■ Exercise ■
The answer should hold every line of the listing, unchanged and free of images.

■ Dataset excerpt ■
= = =

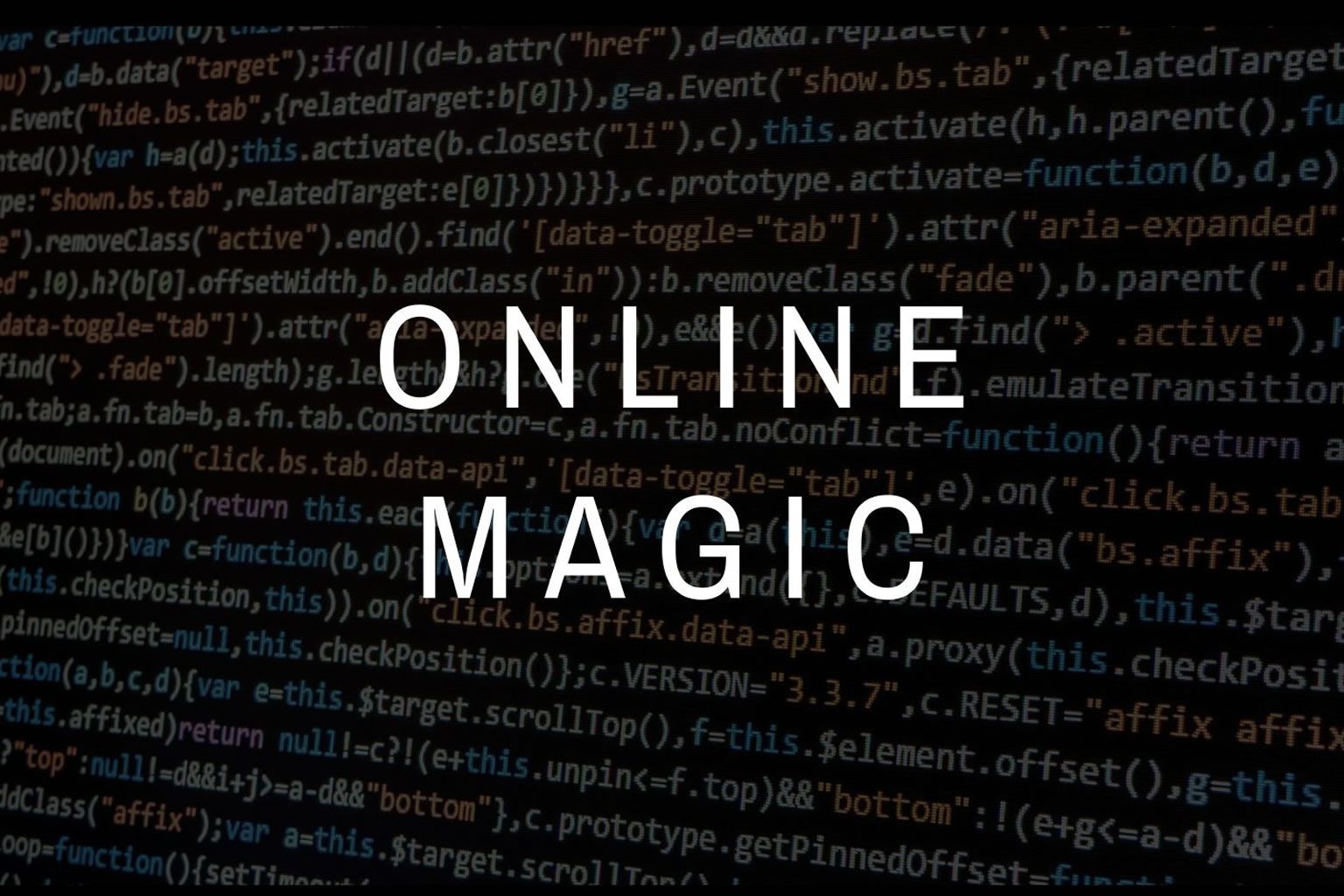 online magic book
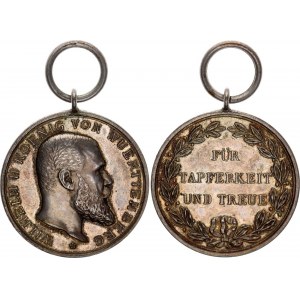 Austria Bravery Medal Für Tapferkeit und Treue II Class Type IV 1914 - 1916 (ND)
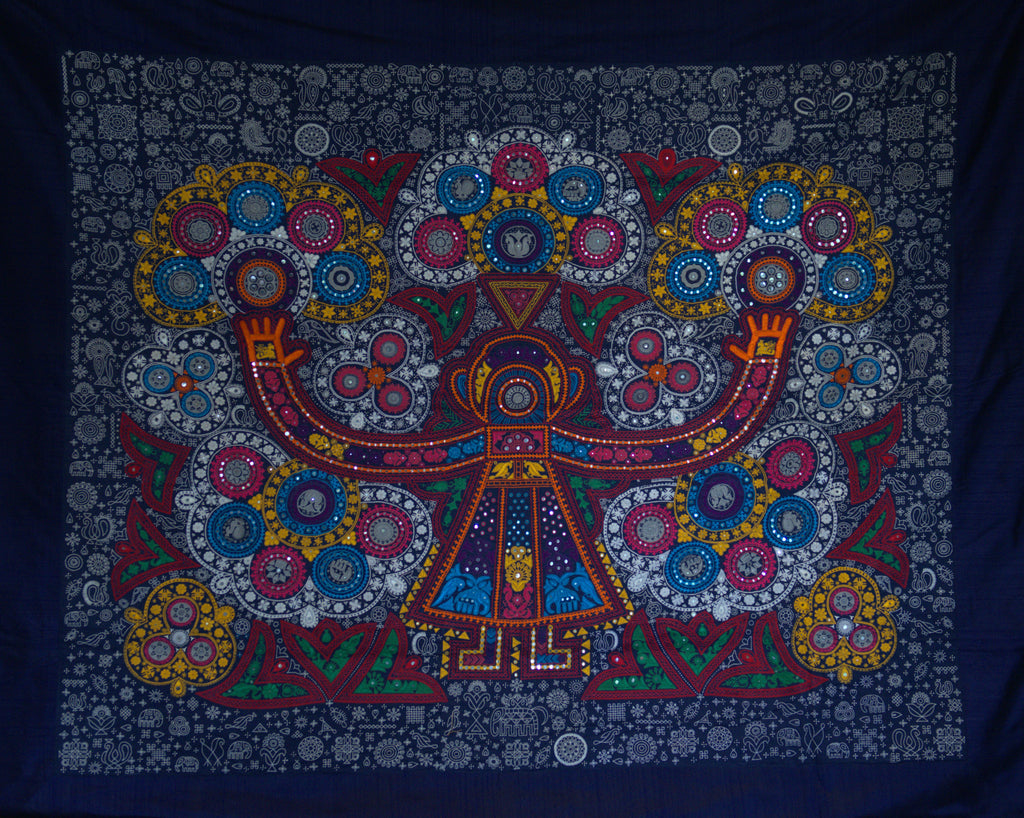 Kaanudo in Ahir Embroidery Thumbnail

= = =

■ Reply ■
 online magic book
 Austria Bravery Medal Für Tapferkeit und Treue II Class Type IV 1914 - 1916 (ND)
 Kaanudo in Ahir Embroidery Thumbnail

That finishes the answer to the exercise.